FIG. 2 is an enlarged view of part A of FIG.

[Explanation of symbols]

 1 Case 3 Movable scroll 3a Plate 10 Oldham ring 11 Thrust receiving ring 11b Film formed by spraying aluminum bronze

Claims (6)

[Claims] 1. A scroll-type fluid machine configured such that rotation of a movable scroll is prevented by an Oldham ring, and a surface of a movable scroll plate on which a spiral winding is not formed is in sliding contact with a housing. One of the sliding surfaces of the plate body and the housing is covered with a film formed by spraying aluminum bronze containing 8 to 11% by weight of aluminum. 2. A scroll type in which rotation of a movable scroll is prevented by an Oldham ring, and an annular member attached to the surface of the movable scroll plate on which the spiral member is not formed is in sliding contact with a housing. In the fluid machine, one of sliding surfaces of the annular member and the housing is coated with a film formed by spraying aluminum bronze containing 8 to 11% by weight of aluminum. . 3. A scroll type in which rotation of the movable scroll is prevented by an Oldham ring, and a surface of the movable scroll plate on which the spiral member is not formed is in sliding contact with an annular member attached to the housing. In a fluid machine, one of sliding surfaces of a movable scroll plate and an annular member is coated with a film formed by spraying aluminum bronze containing 8 to 11% by weight of aluminum.
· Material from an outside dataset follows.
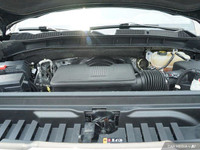 This sleek 2022 GMC Sierra 1500 SLT Crew Cab boasts a powerful 5.3L V8 engine and a luxurious Jet Bl... (image 7)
Type fluid machinery. 4. The method according to claim 1, wherein the other of the sliding contact surfaces facing the coating formed by spraying aluminum bronze is made of an iron-based material. Scroll type fluid machinery. 5. The aluminum anodic oxide coating on the other side of the sliding contact surface facing the coating formed by thermal spraying of aluminum bronze, according to any one of claims 1 to 3. The scroll-type fluid machine described. 6. A coating formed by spraying aluminum bronze,
The scroll type fluid machine according to claim 1, wherein the scroll type fluid machine is formed by a plasma spraying method.